Okay, I should've added "permissionless" to the list of desired properties. If you can a priori choose who gets to participate you´d have a point.

> If your country wants to prevent your from participating in an economy, it can

I think that the eternally losing "War on Drugs" should be a lesson that shows this is simply not true. Also, consider how Black Markets are a thing in authoritarian places, not free ones.

So, no, as much as a country can make it difficult for others, they can not outright stop anyone without significant cost to themselves.


No, it's a solution that solves the problem of centralization, stop with this "it's a solution looking for a problem" regurgitated rhetoric.


Standardized APIs solve centralization. The use of Merkle trees to store way too much data and make a distributed computer slower than any individual node has nothing to do with that.


No, they don't. They still don't ensure data availability, consistency and you still have to trust the API provider, a third party. Web3 does away will all that. You just use the service.


Decentralization itself is what gets you availability, not the blockchain structure. A consensus algorithm is what gets you consistency, not a blockchain structure. There's no need to store your data in the most wasteful way to store data and perform compute to get these features.

And "zero trust" is a myth. We can see that from the $7.7 BILLION in fraud that has been committed in crypto markets in just the last year. https://www.zdnet.com/article/scammers-grabbed-7-7-billion-w...


The blockchain data structure makes the data it encodes tamper-proof. It makes historical data immutable, and it makes the current state of a system and the state transitions that led to the current state fully auditable in a shared-data context. These features enable applications that might otherwise incentivize illicit data tampering (such as applications that deal with asset account balances and ownership records) to be decentralized. I am unaware of another solution to this particular problem.

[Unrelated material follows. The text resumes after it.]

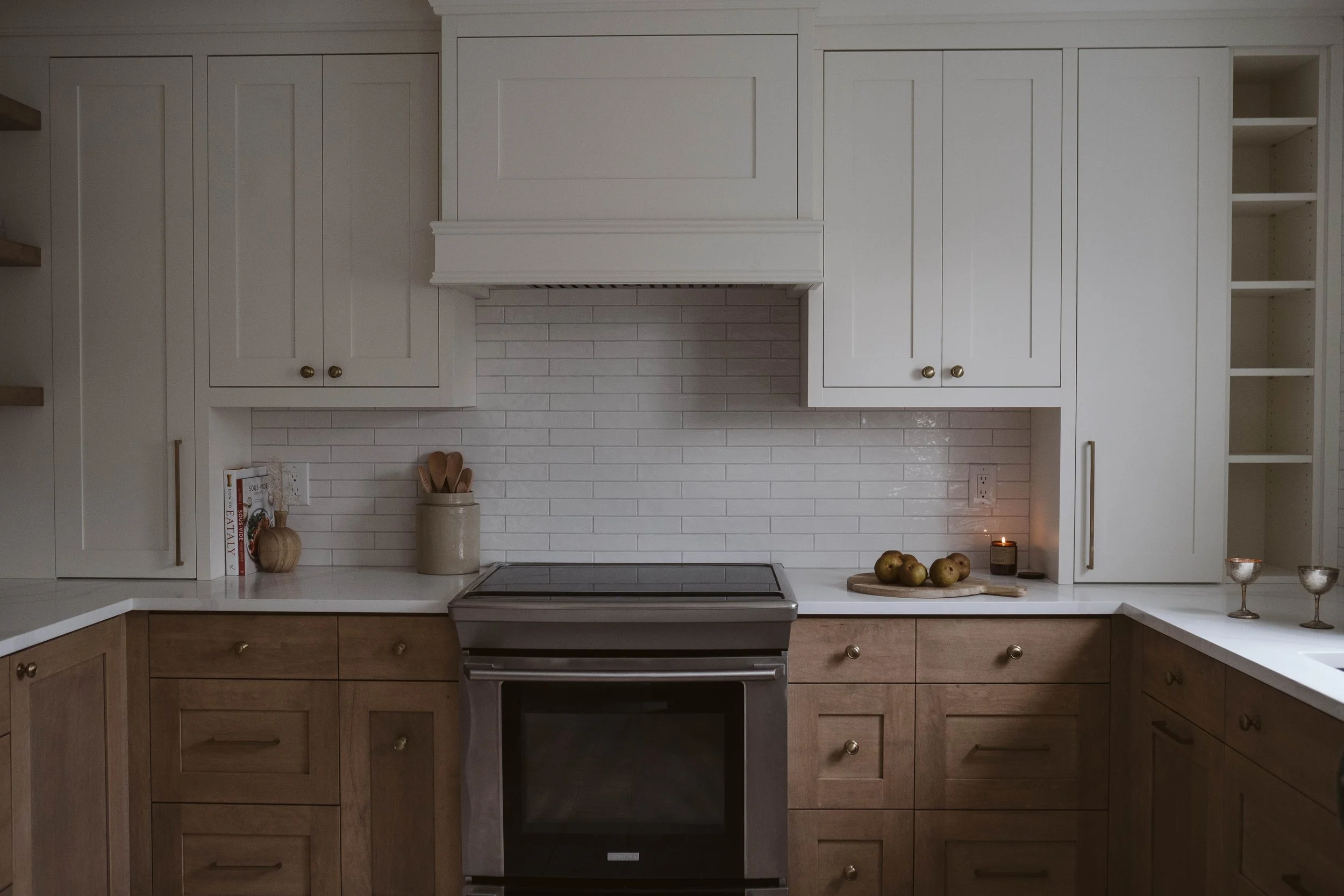 Kitchen with white upper cabinets, wooden lower cabinets, a stainless steel oven, white tile backsplash, and small decorative items including a bowl of apples, two candles, and a jar of wooden utensils.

"Zero trust" is meant to refer to the data layer: because the current state of a blockchain system can be re-generated deterministically from the historical data—which is immutable and fully auditable—you don't have to trust anyone's version of the current system state, even if you are not yourself currently keeping a copy of it.

These technologies do not solve all of the moral and ethical problems that humanity faces, but I don't think anyone is claiming that they do. Blockchains don't stop people from deceiving each other, and they don't make people smarter so that they entirely avoid introducing bugs into their software, and they don't stop people from trying to steal from one another.

But they do make it possible to decentralize high-value data records that would otherwise need to live in high-security environments controlled by governments or well-capitalized businesses that would also need to be trusted 100% not to tamper with those records.


How does decentralization give you availability? You need a financial incentive to make data available, that's where the tokens come in. Also stop conflating all crypto with scams, it's a moot point and borders on arguing in bad faith. People use good old money to run scams and rob people all the time. The fact that people use the tool with malicious intents doesn't detract from the value of the tool itself.


Stop ignoring the fact that scams happen in this system that you proponents say is supposed to solve the ills of the current economic system!


I personally don't care about DeFi, I only care about the technological aspect. The tokens are just a mean to use the decentralized service. And again, people misusing the tool does not detract from the merits of the tool.